Bayern erlaubt Wolf-Abschuss

von Redaktion

Söder: Künftig ohne aufwendige Gutachten – Bärenspuren gesichtet

München – Bayern will den Abschuss von Wölfen massiv erleichtern. Heute soll das Kabinett die nötigen Beschlüsse fassen. „Ziel ist, die Entnahme leichter zu machen“, kündigte Ministerpräsident Markus Söder (CSU) an. Es werde „nicht mehr aufwendige Aktenzeichen-XY-Gutachten, Rissgutachten und Fahndungsaufrufe“ vor dem Abschuss brauchen.

Der Wolf sei vor allem im Alpenraum und an der Rhön inzwischen so stark präsent, dass man gegen „Beutegreifer“ handeln müsse – es gebe große Gefahren für Nutztiere und Menschen, „wenn wir jetzt nicht eingreifen“. Söder bezog das zunächst nur auf den Wolf, verwies aber „mittelfristig vielleicht“ auch auf andere Tiere, darunter Bären. Vor allem Almbauern fordern ein schnelles Handeln der bayerischen und deutschen Politik. Naturschützer sind strikt dagegen.

Bisher war Bayern beim Abschuss der Wölfe sehr zurückhaltend.
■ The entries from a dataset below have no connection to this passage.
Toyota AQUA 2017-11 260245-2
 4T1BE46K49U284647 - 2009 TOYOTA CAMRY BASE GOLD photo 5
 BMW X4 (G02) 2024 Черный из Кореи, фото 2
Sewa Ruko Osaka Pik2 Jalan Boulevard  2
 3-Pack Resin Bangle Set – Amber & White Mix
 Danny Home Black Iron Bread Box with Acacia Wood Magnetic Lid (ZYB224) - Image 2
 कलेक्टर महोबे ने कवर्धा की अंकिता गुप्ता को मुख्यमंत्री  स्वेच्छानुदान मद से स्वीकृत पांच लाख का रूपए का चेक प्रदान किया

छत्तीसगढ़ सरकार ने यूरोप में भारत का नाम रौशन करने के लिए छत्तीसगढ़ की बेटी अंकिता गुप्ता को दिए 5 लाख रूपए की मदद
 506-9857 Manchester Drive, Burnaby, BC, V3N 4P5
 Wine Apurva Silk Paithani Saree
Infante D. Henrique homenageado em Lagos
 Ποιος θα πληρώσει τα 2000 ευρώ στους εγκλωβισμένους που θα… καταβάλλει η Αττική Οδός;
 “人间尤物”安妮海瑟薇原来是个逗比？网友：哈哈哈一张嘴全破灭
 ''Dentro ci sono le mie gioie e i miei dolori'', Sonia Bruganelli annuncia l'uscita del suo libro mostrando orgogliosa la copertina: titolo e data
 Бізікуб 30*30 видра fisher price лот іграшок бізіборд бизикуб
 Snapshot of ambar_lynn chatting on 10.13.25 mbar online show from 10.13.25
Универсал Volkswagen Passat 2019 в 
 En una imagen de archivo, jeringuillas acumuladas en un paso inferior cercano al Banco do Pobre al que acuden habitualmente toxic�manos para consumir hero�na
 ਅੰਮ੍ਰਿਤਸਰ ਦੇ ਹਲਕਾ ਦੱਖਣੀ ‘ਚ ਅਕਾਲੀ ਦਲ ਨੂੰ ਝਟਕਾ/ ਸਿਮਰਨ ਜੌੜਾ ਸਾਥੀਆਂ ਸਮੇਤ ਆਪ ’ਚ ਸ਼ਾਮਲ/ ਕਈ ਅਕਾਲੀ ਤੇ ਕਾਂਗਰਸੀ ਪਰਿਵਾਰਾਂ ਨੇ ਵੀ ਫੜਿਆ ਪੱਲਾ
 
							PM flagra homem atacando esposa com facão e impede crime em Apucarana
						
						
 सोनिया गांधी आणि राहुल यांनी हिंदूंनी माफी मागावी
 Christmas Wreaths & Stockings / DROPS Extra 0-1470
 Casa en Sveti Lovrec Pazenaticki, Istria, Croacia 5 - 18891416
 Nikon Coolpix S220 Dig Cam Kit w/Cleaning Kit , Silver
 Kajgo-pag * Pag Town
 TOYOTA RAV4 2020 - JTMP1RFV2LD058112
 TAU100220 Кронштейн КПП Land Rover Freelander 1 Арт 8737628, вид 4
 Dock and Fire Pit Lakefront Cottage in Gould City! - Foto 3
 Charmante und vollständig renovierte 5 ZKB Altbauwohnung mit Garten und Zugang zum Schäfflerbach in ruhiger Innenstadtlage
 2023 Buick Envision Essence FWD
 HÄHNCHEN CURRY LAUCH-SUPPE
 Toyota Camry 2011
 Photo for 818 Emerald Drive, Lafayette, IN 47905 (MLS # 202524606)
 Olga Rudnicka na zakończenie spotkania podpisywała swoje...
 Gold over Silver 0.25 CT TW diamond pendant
Ein Antrag des Landkreises Garmisch-Partenkirchen auf erleichterte Entnahme wurde „geprüft“. Bisher wollte die Regierung von Oberbayern noch nicht absehen, wie lange das dauere. Im österreichischen Tirol gilt hingegen seit April eine Verordnung, die den Abschuss der streng geschützten Tiere erleichtert. In der Koalition ist der Plan abgestimmt. Vize-Ministerpräsident Hubert Aiwanger (Freie Wähler) sagte unserer Zeitung, Bayern wolle den rechtlichen „Spielraum bis an die Grenze des Machbaren“ ausnutzen. In der Praxis werde man nach Aussage der Juristen aber wohl stets „warten müssen, bis der Wolf einmal zugeschlagen hat“.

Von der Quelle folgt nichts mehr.